# Pro Team Podium Caps?



## mseanschmidt (Jul 16, 2006)

This may be a stupid question but I would love to purchase some of the podium/baseball hats from some of my favorite pro teams but can't find them anywhere. Obviously I've seen the riders wearing them and people affiliated with the team. I guess they just don't make them available to the general public? Note: I've obviously found the highly marketed Discovery & CSC podium caps but I'm not interested in those.

Any insight?


----------



## bas (Jul 30, 2004)

mseanschmidt said:


> This may be a stupid question but I would love to purchase some of the podium/baseball hats from some of my favorite pro teams but can't find them anywhere. Obviously I've seen the riders wearing them and people affiliated with the team. I guess they just don't make them available to the general public? Note: I've obviously found the highly marketed Discovery & CSC podium caps but I'm not interested in those.
> 
> Any insight?


Maybe you are trying to hard?

Is this what your talking about?










Performance has a bunch..usually discounted at end of year for 1/2 price.. sometimes on sale too I think during the year.

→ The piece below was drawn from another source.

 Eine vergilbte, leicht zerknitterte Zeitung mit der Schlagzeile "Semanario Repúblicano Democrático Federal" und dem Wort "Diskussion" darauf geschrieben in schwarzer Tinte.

https://www.performancebike.com/shop/sub_cat.cfm?subcategory_id=1340


----------



## mseanschmidt (Jul 16, 2006)

No.... I know I can get ANY team hat in a CYCLING style cap. I'm looking for a baseball type hat like this but in teams other than Discovery or CSC:


----------



## Mootsie (Feb 4, 2004)

There are a few sources, but it depends on which team you are looking for. 
Some of the teams sell them on their team site, some sell them on a sponsors site, some sell it through their kit supplier's site and others resell them through the traditional online sources. 
What team(s) are you looking for?


----------



## Kestreljr (Jan 10, 2007)

mseanschmidt said:


> No.... I know I can get ANY team hat in a CYCLING style cap. I'm looking for a baseball type hat like this but in teams other than Discovery or CSC:


try: http://www.worldcycling.com 

The site is a little hard to manage, but if you dig around long enough I find they have the most casual gear/team logo stuff. 

It has been a while since I have looked around, so I am not sure what their current stock looks like though.


----------